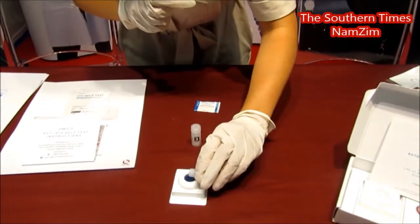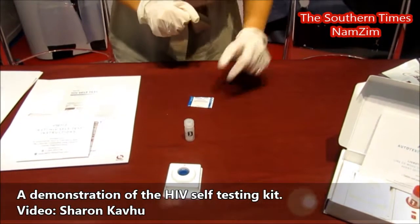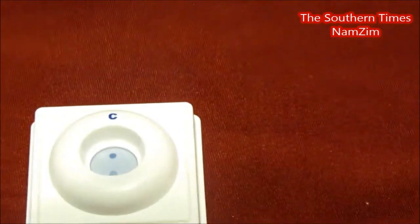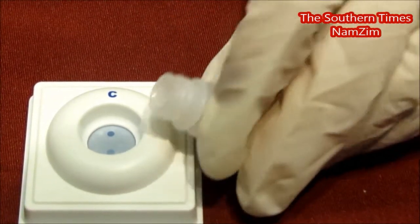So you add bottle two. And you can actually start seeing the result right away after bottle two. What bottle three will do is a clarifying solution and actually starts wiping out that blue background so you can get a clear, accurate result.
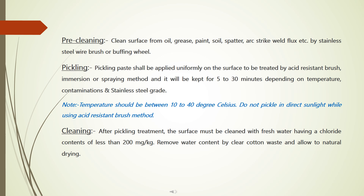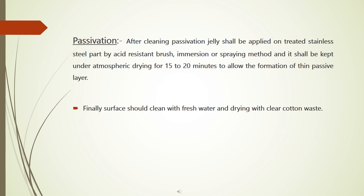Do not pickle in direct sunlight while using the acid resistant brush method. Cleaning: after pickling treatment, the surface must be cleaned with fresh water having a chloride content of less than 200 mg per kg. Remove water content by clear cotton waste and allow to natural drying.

——

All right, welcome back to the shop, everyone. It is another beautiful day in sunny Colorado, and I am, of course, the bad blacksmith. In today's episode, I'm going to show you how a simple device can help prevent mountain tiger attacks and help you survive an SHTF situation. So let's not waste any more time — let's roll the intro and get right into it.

——

**Exercise directions**
Exactly the lines starting at the one above with "So you add bottle" and ending at the one with "Do not pickle" should be printed, and nothing else. Omit the pictures.

**Expected output**
So you add bottle two. And you can actually start seeing the result right away after bottle two. What bottle three will do is a clarifying solution and actually starts wiping out that blue background so you can get a clear, accurate result.
Do not pickle in direct sunlight while using the acid resistant brush method. Cleaning: after pickling treatment, the surface must be cleaned with fresh water having a chloride content of less than 200 mg per kg. Remove water content by clear cotton waste and allow to natural drying.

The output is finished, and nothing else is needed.